* [Your assignment] Could you output exactly the lines running from the one containing "305 ESCAPE ROUTE BACKPACK" to the final line of the listing below, leaving out pictures?

* [Given data]

◆ ◆ ◆

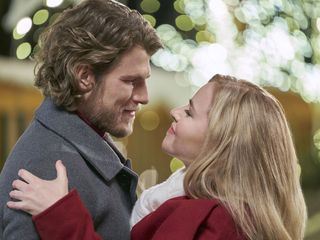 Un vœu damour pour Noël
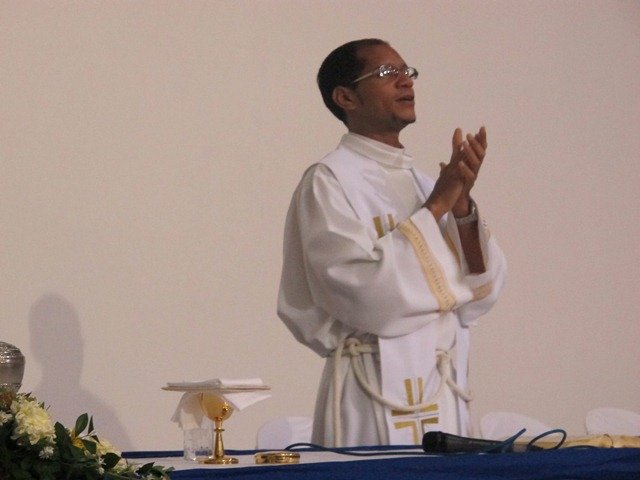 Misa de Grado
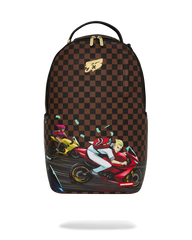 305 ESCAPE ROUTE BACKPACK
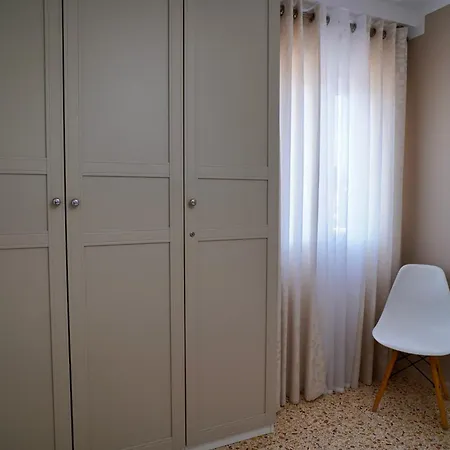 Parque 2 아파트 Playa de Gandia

◆ ◆ ◆

* [Solution]
 305 ESCAPE ROUTE BACKPACK
 Parque 2 아파트 Playa de Gandia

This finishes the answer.